The Nightingale by Kristin Hannah

Hannah usually writes contemporary fiction, and I've read a few of her other books and thought they were a bit melodramatic for my taste. I'd heard good things about this book and wanted to see how she would do with historical fiction. It didn't really impress me--I guessed a lot of the twists in the plot before they happened, many of the characters were really just caricatures, and the little details just didn't ring true (too many scenes felt like they were based on novelizations about the war, not actual historical detail). There are many other great novels about World War 2, so there really isn't much need to read this one.

Warbreaker by Brandon Sanderson

After reading three of his books, I can already tell that it's going to be impossible for me to choose a favorite Brandon Sanderson novel.

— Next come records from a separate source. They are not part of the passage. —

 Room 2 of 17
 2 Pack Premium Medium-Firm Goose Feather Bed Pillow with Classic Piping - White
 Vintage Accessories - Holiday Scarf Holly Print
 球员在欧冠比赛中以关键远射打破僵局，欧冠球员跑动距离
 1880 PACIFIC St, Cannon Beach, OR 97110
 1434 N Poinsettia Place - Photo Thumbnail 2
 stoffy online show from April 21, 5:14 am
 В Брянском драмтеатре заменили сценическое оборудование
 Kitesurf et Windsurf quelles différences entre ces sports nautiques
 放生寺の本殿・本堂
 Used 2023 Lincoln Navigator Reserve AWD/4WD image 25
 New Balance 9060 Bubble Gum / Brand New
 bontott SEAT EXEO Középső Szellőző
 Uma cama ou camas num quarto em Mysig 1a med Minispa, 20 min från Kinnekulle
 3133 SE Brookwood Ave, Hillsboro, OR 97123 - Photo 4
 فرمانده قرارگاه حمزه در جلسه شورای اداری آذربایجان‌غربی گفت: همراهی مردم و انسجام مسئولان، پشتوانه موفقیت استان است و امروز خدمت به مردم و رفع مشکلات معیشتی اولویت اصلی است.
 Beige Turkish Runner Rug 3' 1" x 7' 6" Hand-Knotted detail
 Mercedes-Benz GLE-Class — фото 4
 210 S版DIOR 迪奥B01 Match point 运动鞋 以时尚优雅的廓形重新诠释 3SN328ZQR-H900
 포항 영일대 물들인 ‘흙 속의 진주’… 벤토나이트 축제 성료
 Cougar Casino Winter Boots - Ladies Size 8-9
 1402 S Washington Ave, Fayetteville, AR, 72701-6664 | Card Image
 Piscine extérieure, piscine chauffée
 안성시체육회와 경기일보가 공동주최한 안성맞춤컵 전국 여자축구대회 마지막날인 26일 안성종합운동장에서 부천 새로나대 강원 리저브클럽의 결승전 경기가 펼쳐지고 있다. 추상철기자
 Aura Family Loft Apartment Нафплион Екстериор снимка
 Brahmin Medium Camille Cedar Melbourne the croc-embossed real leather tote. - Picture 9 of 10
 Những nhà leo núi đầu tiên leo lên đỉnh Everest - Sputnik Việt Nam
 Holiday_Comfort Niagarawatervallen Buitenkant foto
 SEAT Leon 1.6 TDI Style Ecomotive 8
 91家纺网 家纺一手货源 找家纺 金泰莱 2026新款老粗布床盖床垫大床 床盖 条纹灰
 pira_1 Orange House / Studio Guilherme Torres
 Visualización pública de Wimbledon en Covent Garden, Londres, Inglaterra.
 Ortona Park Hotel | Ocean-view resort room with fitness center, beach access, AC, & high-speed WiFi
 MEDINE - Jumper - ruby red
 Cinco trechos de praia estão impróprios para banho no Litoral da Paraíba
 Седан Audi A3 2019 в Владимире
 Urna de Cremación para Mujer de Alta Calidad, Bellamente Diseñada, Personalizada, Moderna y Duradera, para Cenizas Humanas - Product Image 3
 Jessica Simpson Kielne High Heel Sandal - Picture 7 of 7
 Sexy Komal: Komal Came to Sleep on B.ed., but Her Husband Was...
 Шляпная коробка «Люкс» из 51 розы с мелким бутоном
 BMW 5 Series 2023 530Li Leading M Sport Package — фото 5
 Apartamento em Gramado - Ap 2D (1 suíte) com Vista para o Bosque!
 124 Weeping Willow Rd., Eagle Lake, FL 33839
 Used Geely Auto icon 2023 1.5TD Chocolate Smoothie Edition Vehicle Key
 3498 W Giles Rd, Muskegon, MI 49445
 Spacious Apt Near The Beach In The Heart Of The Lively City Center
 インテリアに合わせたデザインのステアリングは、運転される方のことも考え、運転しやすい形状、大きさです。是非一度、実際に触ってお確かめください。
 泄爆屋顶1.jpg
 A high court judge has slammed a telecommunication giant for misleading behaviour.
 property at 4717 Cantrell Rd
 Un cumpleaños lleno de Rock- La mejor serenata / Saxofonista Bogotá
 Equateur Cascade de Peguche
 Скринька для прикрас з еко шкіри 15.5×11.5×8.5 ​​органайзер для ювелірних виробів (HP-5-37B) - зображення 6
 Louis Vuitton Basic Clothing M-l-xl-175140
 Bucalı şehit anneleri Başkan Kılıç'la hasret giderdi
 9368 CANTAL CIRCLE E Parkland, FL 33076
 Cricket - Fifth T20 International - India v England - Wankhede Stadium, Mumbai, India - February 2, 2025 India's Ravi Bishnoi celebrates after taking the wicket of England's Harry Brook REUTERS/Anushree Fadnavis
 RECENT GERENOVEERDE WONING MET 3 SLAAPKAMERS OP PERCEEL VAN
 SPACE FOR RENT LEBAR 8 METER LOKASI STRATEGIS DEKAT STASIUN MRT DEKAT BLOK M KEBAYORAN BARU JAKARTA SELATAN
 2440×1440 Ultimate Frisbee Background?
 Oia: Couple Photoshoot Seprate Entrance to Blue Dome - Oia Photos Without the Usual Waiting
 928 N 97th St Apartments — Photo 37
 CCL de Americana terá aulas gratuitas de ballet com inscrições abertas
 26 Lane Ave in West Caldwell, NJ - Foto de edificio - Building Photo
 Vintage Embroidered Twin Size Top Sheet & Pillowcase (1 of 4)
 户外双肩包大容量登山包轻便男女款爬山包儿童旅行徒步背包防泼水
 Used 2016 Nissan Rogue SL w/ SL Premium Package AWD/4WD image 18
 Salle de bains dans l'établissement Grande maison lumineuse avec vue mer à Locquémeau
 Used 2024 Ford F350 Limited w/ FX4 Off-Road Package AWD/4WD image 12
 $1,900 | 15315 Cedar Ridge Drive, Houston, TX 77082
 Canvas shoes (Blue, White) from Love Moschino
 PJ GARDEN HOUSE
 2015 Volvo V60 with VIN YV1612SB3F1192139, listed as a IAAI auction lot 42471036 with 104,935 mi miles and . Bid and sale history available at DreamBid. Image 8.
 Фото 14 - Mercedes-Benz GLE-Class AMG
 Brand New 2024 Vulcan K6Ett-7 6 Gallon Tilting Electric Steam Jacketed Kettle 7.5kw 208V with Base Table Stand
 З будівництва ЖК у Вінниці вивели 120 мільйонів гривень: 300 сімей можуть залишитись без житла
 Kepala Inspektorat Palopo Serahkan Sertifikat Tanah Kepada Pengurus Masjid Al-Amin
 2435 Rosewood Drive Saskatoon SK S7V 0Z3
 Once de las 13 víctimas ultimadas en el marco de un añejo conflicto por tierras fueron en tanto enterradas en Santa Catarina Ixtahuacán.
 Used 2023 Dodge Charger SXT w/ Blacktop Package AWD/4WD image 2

This one, however, really was delightful to read (it wasn't always 'fun'--there are dark parts--it was just a great read). I thought the characterization was a particular strength of this book, as well as the plot and the intriguing magic system. This is a book I will most definitely re-read again some day, maybe sooner rather than later.

Still Alice by Lisa Genova

 I read a different book by Genova a few years ago after listening to an interview with her on NPR. She is a neurologist turned novelist--an interesting career path--and writes novels about people afflicted with particular conditions. This is her first book, and her most famous, and I mostly enjoyed it. There were a few parts that got too bogged down in jargon and explaining, but generally it was a touching book.

The Life We Bury by Allen Eskens

This is the kind of book that makes me wonder whether the characters have ever read a crime novel or watched a crime show before--they make dumb assumptions and totally get themselves into trouble. However, the main character in this book is fairly young and naive, and it is a coming-of-age story in many ways, so I could forgive the fact that I saw all the major twists coming. That just made the book a little more fun to read, since at a few points I was practically shouting "don't be stupid!" at the protagonist.

The Children Act by Ian McEwan

So far I have loved everything I've read by McEwan and this book is no exception. The story focuses on one character, at one moment in her life, and it takes a while for all the threads to come together, but when they do, the impact is amazing.